— EXERCISE INSTRUCTIONS —
Copy exactly the lines from the start of the data below through the one that carries "Nissan Primera, 1992", and only those.

— MATERIALS PROVIDED —
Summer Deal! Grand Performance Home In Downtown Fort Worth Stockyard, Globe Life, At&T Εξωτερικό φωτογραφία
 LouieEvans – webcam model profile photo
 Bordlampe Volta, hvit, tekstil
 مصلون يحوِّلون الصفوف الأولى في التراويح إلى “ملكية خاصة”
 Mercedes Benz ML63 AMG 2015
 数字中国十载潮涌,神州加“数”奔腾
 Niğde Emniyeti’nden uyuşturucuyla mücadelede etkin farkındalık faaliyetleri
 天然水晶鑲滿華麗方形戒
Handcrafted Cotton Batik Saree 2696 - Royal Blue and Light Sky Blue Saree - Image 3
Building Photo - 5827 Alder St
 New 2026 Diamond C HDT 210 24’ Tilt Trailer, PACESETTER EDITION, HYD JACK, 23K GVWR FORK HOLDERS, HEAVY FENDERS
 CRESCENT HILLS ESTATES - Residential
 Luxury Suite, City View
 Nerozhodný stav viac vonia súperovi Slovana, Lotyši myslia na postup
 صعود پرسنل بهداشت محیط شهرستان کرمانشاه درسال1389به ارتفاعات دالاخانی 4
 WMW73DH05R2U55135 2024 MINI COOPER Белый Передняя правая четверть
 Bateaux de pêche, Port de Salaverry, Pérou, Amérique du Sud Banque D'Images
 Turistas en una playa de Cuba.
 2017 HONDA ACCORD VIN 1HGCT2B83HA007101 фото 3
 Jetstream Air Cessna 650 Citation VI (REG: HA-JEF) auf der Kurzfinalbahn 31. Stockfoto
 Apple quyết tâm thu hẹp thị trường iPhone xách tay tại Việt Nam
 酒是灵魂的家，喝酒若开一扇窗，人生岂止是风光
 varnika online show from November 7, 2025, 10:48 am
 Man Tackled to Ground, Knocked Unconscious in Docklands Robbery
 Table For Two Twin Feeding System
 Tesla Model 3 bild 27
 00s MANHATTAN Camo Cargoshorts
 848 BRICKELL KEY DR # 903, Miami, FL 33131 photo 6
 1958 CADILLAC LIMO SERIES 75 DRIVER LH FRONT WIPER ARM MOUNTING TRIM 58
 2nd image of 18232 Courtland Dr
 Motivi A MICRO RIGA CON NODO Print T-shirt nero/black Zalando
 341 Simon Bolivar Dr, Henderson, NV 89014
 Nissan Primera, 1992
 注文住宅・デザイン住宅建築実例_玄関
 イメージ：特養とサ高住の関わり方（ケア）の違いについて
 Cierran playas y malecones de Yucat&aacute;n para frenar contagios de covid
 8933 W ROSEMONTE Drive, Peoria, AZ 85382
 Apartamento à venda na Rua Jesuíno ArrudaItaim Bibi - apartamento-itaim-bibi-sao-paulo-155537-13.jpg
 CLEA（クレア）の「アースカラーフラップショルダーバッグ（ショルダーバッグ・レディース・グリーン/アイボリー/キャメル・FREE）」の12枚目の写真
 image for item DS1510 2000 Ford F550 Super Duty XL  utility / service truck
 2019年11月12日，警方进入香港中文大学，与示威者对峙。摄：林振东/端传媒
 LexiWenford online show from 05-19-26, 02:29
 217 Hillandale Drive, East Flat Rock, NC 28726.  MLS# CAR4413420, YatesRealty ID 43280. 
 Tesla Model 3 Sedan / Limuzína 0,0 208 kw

— RESPONSE TO THE TASK —
Summer Deal! Grand Performance Home In Downtown Fort Worth Stockyard, Globe Life, At&T Εξωτερικό φωτογραφία
 LouieEvans – webcam model profile photo
 Bordlampe Volta, hvit, tekstil
 مصلون يحوِّلون الصفوف الأولى في التراويح إلى “ملكية خاصة”
 Mercedes Benz ML63 AMG 2015
 数字中国十载潮涌,神州加“数”奔腾
 Niğde Emniyeti’nden uyuşturucuyla mücadelede etkin farkındalık faaliyetleri
 天然水晶鑲滿華麗方形戒
Handcrafted Cotton Batik Saree 2696 - Royal Blue and Light Sky Blue Saree - Image 3
Building Photo - 5827 Alder St
 New 2026 Diamond C HDT 210 24’ Tilt Trailer, PACESETTER EDITION, HYD JACK, 23K GVWR FORK HOLDERS, HEAVY FENDERS
 CRESCENT HILLS ESTATES - Residential
 Luxury Suite, City View
 Nerozhodný stav viac vonia súperovi Slovana, Lotyši myslia na postup
 صعود پرسنل بهداشت محیط شهرستان کرمانشاه درسال1389به ارتفاعات دالاخانی 4
 WMW73DH05R2U55135 2024 MINI COOPER Белый Передняя правая четверть
 Bateaux de pêche, Port de Salaverry, Pérou, Amérique du Sud Banque D'Images
 Turistas en una playa de Cuba.
 2017 HONDA ACCORD VIN 1HGCT2B83HA007101 фото 3
 Jetstream Air Cessna 650 Citation VI (REG: HA-JEF) auf der Kurzfinalbahn 31. Stockfoto
 Apple quyết tâm thu hẹp thị trường iPhone xách tay tại Việt Nam
 酒是灵魂的家，喝酒若开一扇窗，人生岂止是风光
 varnika online show from November 7, 2025, 10:48 am
 Man Tackled to Ground, Knocked Unconscious in Docklands Robbery
 Table For Two Twin Feeding System
 Tesla Model 3 bild 27
 00s MANHATTAN Camo Cargoshorts
 848 BRICKELL KEY DR # 903, Miami, FL 33131 photo 6
 1958 CADILLAC LIMO SERIES 75 DRIVER LH FRONT WIPER ARM MOUNTING TRIM 58
 2nd image of 18232 Courtland Dr
 Motivi A MICRO RIGA CON NODO Print T-shirt nero/black Zalando
 341 Simon Bolivar Dr, Henderson, NV 89014
 Nissan Primera, 1992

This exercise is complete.